Style Is Ageless So Amp It Up


For a few days now, I’ve been rethinking my sense of style. What use to work for me just doesn’t fit anymore. It’s not that I’ve gotten leaner or stouter. It’s just that Suzette has grown in consciousness and Suzetteness. Yes, Suzetteness.


So where does one go when they have a fashion emergency? I can’t think of any place betta than TLC’s What Not To Wear. Surely, Stacy and Clint can help! After all, they’ve helped countless outdated and downright pitiful-dressin folks bring some freshness to their otherwise shame-shame-shame wardrobe.

Oh, you haven’t heard of the show? Well, let me tell you a little somethin about it. Two celebrity stylists – Stacy and Clint – appear out of nowhere and approach some unsuspecting person about their hideous style. Like police, fashion police that is, they accost some poor soul along their family, friends or coworkers and tell them they’ve been nominated for What Not To Wear. They are stunned – and I’m sure a little embarrassed - but good-naturedly agree to allow Stacy and Clint to coach them as they spend $5000 on a brand new wardrobe.

Today’s show was full of fashion nuggets but two in particular struck me.

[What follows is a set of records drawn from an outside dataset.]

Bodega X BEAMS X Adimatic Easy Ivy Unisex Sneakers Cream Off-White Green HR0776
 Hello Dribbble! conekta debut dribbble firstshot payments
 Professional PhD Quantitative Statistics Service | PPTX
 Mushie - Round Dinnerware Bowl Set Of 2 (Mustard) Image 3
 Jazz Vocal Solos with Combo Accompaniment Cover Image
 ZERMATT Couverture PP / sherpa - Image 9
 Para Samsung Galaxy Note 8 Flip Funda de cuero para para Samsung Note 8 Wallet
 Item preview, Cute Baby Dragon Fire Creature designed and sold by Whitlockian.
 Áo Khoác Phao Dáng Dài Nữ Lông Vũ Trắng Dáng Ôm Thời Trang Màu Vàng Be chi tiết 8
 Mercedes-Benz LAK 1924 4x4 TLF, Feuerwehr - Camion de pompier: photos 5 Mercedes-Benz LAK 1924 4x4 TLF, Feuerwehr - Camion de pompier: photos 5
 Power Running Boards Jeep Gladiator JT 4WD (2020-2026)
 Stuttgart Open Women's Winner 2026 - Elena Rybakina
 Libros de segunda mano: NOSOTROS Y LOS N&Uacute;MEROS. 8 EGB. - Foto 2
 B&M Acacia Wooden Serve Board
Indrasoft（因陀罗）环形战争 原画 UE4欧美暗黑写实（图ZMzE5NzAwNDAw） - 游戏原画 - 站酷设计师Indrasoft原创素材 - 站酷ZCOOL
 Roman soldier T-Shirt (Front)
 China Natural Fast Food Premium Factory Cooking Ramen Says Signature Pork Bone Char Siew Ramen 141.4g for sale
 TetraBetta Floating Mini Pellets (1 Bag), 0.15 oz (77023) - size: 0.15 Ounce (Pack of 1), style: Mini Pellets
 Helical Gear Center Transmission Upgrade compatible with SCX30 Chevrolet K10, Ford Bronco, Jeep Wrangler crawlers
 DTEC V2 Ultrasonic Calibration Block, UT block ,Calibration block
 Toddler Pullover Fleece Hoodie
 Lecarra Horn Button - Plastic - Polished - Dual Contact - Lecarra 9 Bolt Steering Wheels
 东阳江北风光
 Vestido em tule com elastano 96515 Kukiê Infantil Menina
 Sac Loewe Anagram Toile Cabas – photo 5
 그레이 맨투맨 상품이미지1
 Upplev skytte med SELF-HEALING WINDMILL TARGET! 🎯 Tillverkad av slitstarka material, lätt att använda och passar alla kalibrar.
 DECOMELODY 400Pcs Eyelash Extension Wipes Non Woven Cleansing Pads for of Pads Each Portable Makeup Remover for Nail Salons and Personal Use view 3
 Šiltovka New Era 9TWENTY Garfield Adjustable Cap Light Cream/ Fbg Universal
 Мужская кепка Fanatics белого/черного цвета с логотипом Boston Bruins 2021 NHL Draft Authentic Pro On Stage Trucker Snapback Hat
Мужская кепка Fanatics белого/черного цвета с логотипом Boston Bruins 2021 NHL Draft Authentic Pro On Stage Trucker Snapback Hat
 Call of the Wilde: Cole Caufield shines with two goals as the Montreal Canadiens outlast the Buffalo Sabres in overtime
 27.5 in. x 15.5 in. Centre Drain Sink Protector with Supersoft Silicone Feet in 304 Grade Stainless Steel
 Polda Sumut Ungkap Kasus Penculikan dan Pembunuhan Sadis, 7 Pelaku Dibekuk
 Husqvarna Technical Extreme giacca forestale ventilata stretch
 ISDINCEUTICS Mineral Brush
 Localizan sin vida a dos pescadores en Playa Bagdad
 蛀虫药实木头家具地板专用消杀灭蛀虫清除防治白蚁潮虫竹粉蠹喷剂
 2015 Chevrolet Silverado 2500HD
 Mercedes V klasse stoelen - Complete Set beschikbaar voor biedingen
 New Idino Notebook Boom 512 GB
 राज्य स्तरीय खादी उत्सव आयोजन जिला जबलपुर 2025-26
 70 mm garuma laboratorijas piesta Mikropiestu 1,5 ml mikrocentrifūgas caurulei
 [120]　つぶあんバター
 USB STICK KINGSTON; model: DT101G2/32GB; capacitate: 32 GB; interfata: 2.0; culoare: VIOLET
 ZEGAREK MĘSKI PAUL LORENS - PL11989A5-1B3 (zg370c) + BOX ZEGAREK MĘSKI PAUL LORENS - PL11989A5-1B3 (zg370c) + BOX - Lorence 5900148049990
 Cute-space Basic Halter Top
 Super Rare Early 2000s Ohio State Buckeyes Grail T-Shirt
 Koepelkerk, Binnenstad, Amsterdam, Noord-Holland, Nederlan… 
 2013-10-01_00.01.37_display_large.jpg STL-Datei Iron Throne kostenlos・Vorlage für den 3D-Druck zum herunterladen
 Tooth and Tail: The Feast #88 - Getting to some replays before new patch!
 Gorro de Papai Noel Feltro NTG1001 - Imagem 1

First, shop for outfits not just pieces. I gotta start doing that! The second was in response to a client’s criticism of some shoes Stacy and Clint had picked out. “They don’t match the outfit,” she complained. “But they go,” says Stacy. Ummmm, I thought to myself. Doesn’t matter the color so much if they go with the outfit. Got it!

Style is ageless. You just got to know how to make it work for you. Clothes should be reflection of who you are and your spirit. My clothes are a hodgepodge of eras in my life. Some good, some not so good, some loooooong gone. So, out with the old and in with the new. I’m gonna amp it up!